The American economy continues to recover from the impact of the coronavirus Although still evolving to lower levels than before the pandemic and only in 2023 could see a recovery in the labor market, the Federal Reserve (Fed) estimated on Wednesday, which adjusted its projections upwards.
Fed, the US central bank, Therefore, it kept its low reference interest rates unchanged between 0 and 0.25%. despite improving its economic forecasts for 2020, 2021 and 2022.
The agency thus expects a decrease in US GDP of 2.4% this year and an increase of 4.2% in 2021 and 3.2% in 2022. In September, it anticipated a GDP contraction of 3.7% in 2020, before an increase of 4% in 2021 and 3% in 2022.
The beginning of Mass vaccination against coronavirus in the United States has raised hopes that the economy may begin to return to normal, But rising infections also raise fears of a new wave of business closures to reduce mobility and contain the spread of the disease.
The latest news about the vaccine is “very positive”, but the economic impact of mass vaccination is uncertain, said the president of the Federal Reserve, Jerome Powell.
“It is difficult to understand the scale and economic implications of the vaccine,” he told a news conference after the last meeting of the US Central Bank’s monetary policy committee.
And the Fed it has improved its employment forecasts, from an unemployment rate of 7.6% to 6.7% at the end of this year.
However, he warned that only in 2023 the unemployment rate could return to a level close to February 2020, before the outbreak of the pandemic, of the order of 3.5%.
“Economic activity and employment have continued to improve, but are still well below their levels at the beginning of the year”, took note of the Federal Reserve in its statement issued at the end of the last meeting of its monetary policy committee this year, also the last of the Donald Trump era in the White House before the arrival of Democrat Joe Biden after winning the November 3 election.

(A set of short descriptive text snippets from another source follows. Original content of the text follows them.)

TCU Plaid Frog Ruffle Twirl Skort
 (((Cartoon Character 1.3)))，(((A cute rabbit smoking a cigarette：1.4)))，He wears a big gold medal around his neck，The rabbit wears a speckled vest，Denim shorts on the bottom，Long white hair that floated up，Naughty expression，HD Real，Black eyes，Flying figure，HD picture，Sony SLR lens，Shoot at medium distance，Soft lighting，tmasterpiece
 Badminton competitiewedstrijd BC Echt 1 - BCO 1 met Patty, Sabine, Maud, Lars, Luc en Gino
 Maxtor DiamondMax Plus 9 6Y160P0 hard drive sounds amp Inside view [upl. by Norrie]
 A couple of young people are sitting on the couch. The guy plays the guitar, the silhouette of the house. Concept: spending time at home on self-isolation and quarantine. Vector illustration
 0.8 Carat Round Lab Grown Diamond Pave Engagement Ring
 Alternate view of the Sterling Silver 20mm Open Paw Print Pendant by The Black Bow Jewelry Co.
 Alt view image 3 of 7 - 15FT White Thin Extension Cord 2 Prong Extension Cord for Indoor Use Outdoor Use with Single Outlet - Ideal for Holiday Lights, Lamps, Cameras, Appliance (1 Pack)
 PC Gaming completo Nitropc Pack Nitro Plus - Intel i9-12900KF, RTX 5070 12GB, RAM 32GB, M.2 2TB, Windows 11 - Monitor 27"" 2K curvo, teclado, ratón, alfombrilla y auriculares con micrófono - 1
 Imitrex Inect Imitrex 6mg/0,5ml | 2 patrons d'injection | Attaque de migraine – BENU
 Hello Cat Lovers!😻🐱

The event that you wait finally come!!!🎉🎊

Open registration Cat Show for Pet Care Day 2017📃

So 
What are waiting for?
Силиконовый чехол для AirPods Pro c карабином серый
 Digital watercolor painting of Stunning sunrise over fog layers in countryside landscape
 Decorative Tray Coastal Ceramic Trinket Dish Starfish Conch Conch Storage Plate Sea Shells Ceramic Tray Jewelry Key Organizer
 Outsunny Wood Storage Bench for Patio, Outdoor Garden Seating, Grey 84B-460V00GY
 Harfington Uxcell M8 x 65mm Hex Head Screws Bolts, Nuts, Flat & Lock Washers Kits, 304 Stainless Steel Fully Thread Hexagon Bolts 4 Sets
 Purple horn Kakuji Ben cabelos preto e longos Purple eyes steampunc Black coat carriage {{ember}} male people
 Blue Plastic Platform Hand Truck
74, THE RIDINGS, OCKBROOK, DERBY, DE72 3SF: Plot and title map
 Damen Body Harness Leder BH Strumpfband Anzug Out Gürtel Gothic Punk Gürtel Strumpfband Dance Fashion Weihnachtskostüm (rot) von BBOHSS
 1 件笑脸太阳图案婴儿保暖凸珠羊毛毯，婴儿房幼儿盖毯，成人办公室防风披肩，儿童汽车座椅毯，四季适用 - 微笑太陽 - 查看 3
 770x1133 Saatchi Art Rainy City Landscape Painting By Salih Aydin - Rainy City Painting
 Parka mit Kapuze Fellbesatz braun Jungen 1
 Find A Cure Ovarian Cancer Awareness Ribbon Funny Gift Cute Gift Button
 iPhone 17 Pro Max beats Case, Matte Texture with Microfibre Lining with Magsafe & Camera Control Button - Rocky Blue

The Fed reiterated that it continues “Committed to using all available tools to support the economy in difficult times”, and said once again that the evolution of the economy “strongly depends” on the development of the coronavirus pandemic “
He also added that the health crisis will continue to weigh on economic activity and “It poses considerable risks in the medium term.”
Low rates and bond purchases
The Fed will keep rates close to zero to encourage consumption and investment huntil the economy recovers after the crisis.
The agency also said that until there is “substantial progress” in the labor market and in terms of inflation, it will also keep your bond purchases.
The Fed resumed its asset purchase program in the spring to inject liquidity into the economy and facilitate low-rate lending. It currently buys about $ 120 billion a month, divided into $ 80 billion for Treasury bonds and $ 40 billion for financial products related to mortgage loans..
Contrary to analysts’ expectations, the Fed did not mention that it will increase the duration of its bonds.
New help plan
Powell referred has delayed the new economic aid plan that lawmakers have been debating in Congress for months, shortly after the last ongoing benefits for some unemployed affected by the covid-19 pandemic expire after Christmas.
“The case for ‘a new aid plan’ is very strong,” Powell said.
“With the expiry of unemployment benefits, the expiry of moratoriums on evictions, the spread of the virus, both families and businesses need support“Economic,” he argued.
In Congress, Democrats and Republicans are currently debating a $ 908 billion aid package.